Error handling when reading wrong file formats
dominiquesydow opened this issue · 3 comments
Describe the workflow you want to enable
Thanks again for your work on biopandas
!
I have a small comment on the error handling when loading pdb files with read_mol2
(or mol2 files with read_pdb
).
The current behavior looks like this:
mol2
module
from biopandas.mol2 import PandasMol2
pmol = PandasMol2()
pmol.read_mol2("xxxx.pdb")
Example output:
UnboundLocalError: local variable 'first_idx' referenced before assignment
(might look different depending on the input file and file format).
pdb
module
from biopandas.pdb import PandasPdb
ppdb = PandasPdb()
ppdb.read_pdb("xxxx.mol2")
Example output: All data is loaded into the dict key "OTHER" (might look different depending on the input file and file format).

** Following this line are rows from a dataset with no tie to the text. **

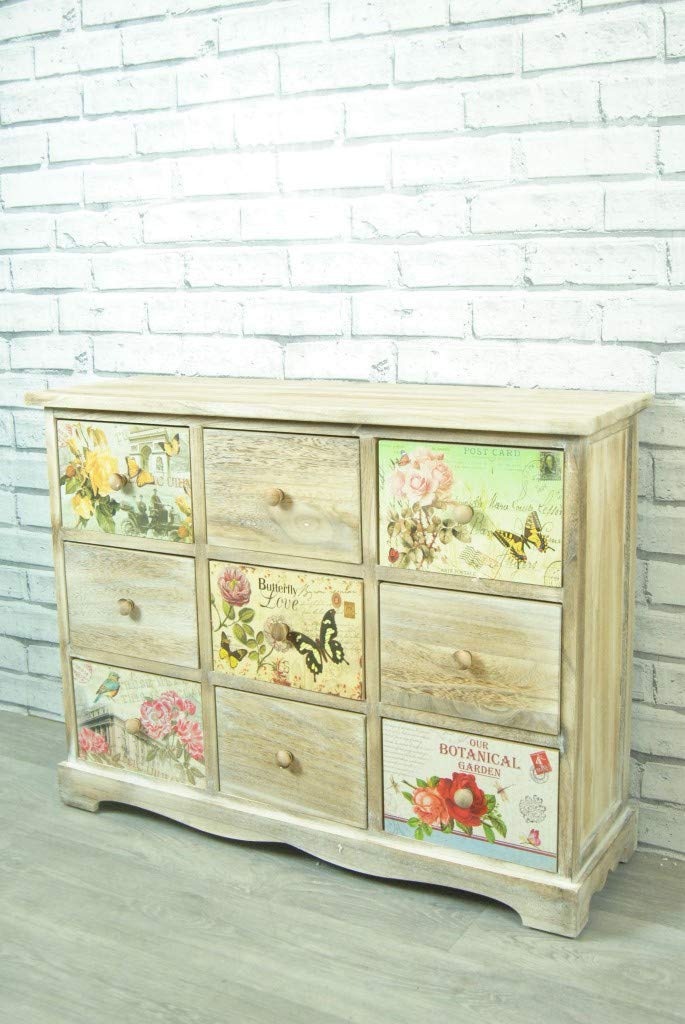 Furniture Chest Of Drawers Narrow Low Wide 9 Drawer Light Wood With Butterflies And Flowers Yellow Pink Cream Buy Online In Aruba At Desertcart
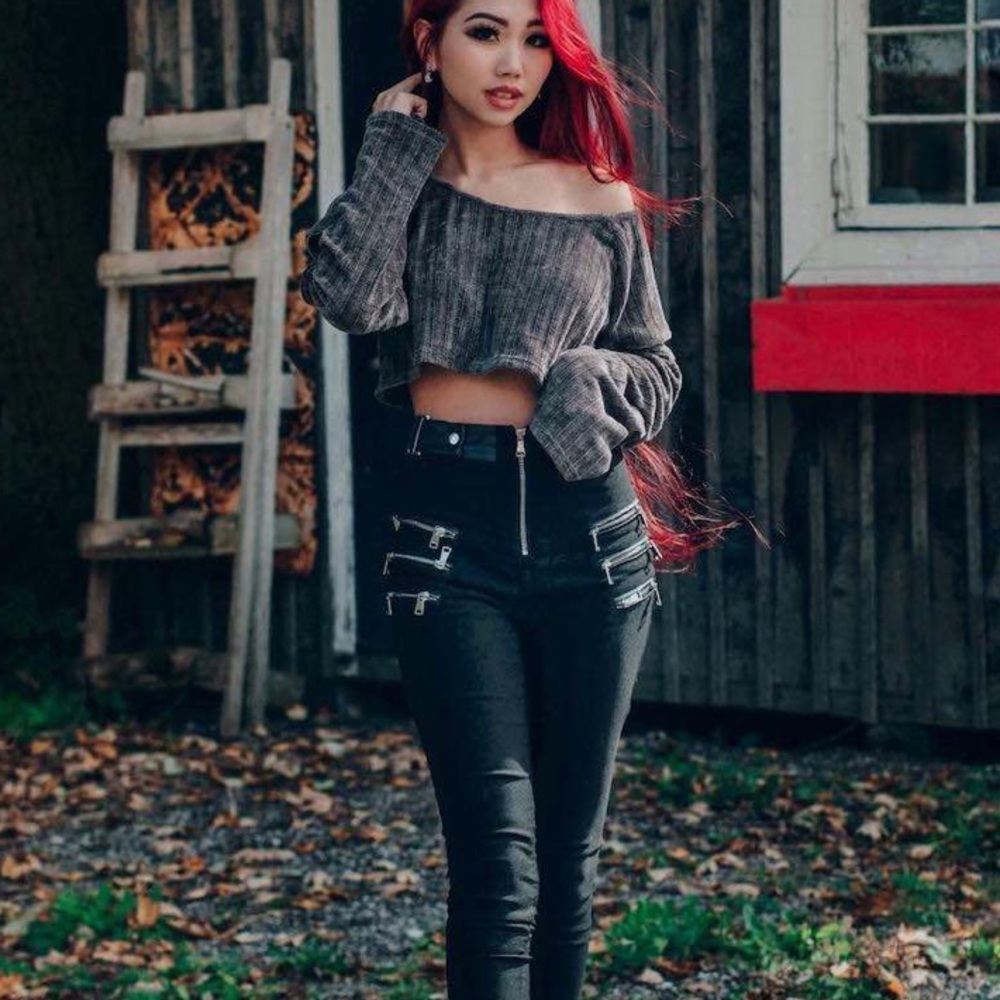 Lychee the Label Viola Pleather Belt Zipper Detail Pants
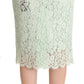 Elegant Mint Green Lace Midi Skirt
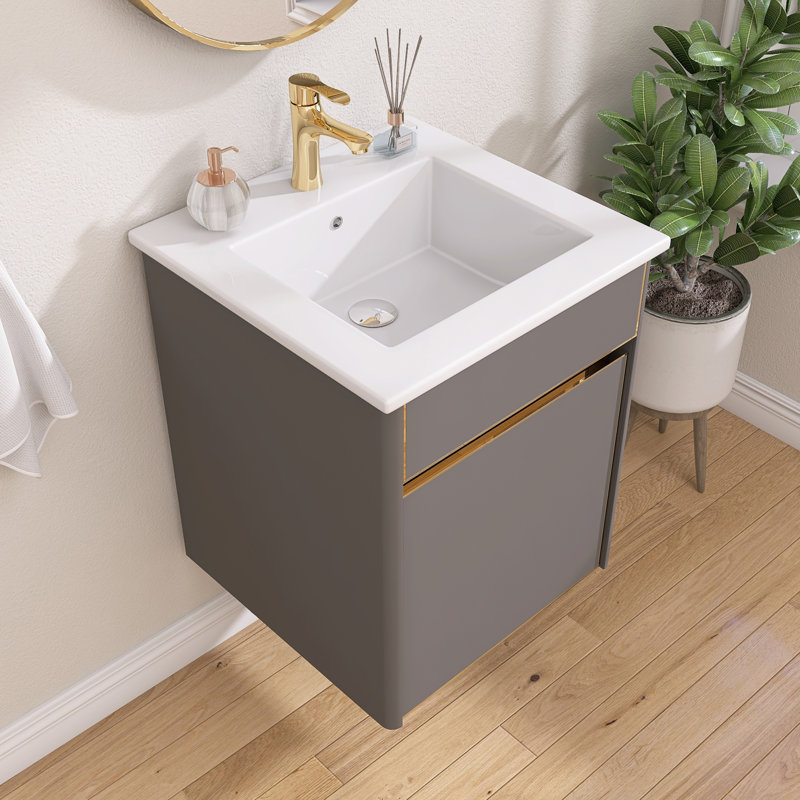 Ensemble de meuble-lavabo simple 16,75 po avec plateau en céramique Tynieka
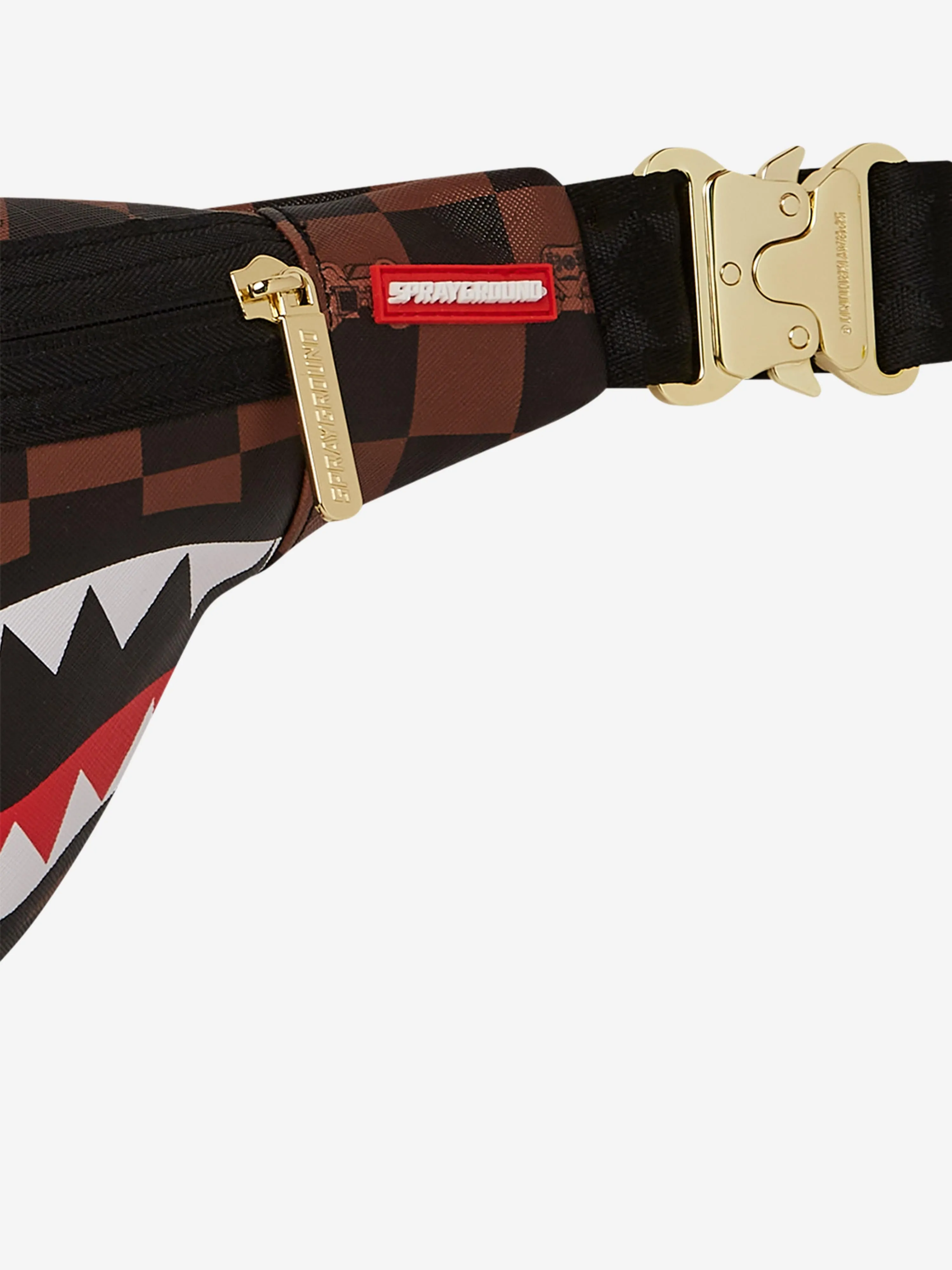 Kids Peeking Character Check Belt Bag in Brown (18cm)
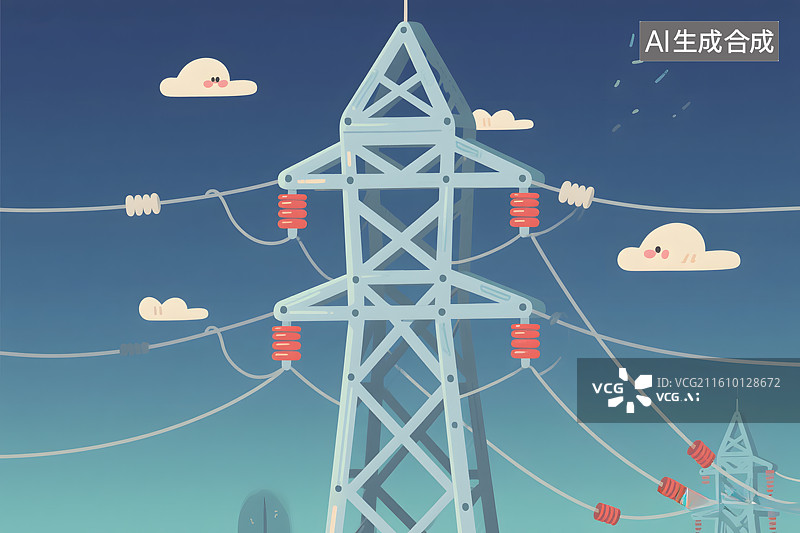 【AI数字艺术】卡通风格电力铁塔图片素材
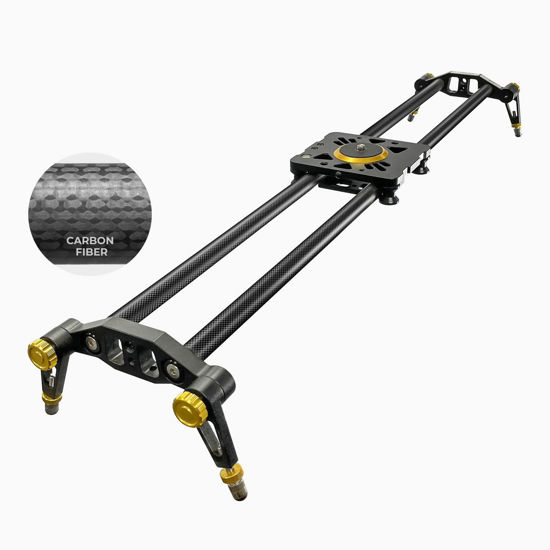 Picture of LimoStudio (Upgraded) 31.5 in Carbon Fiber Camera Slider, 80cm Dolly Track Rail, Smooth Bearing Stabilizer, Height Adjustable, Spirit Level, AGG1980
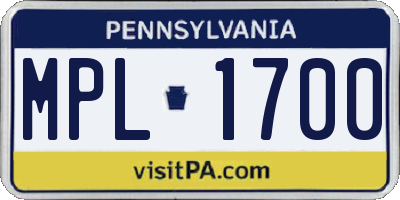PA license plate MPL1700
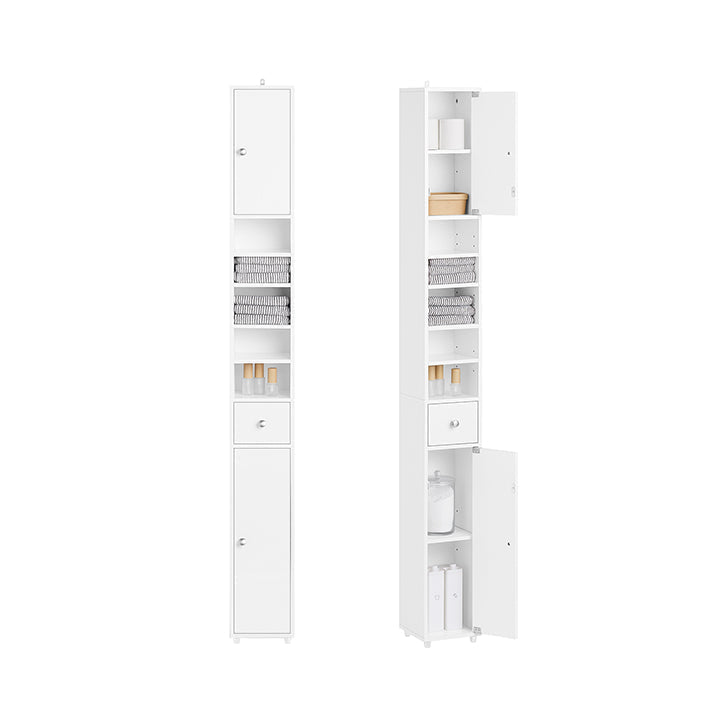Hoge Badkamerkast - Opbergkast - Badkamerorganizer - Verstelbare Planken - 20x180x20cm - MDF E1 - Hoogglans Wit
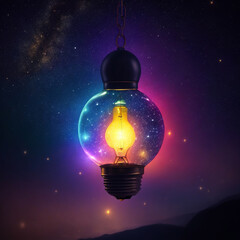 A glowing idea bulb suspended in a starry night sky, its bright colors illuminating the darkness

Describe your proposed solution
Would you consider adding a check for the correct input and throwing a descriptive error message?
I am using a ValueError
at the moment but I am sure there are nicer ways to handle this:
https://github.com/volkamerlab/opencadd/blob/912d4e98e89edf38707249fd4f034cea136e1932/opencadd/io/dataframe.py#L202
This issue is not urgent at all.
It simply would make it easier / less verbose to use biopandas
in other packages where we try to catch common user mistakes.
Thank you again for your time and work!
Describe alternatives you've considered, if relevant
None.
Additional context
None.
Thanks for the feedback! I didn't think of user errors like that (yet) and like the suggestion returning a more descriptive ValueError, "No structural data could be loaded. Is the input text in mol2 format?". I'd appreciate a PR if you have time some time.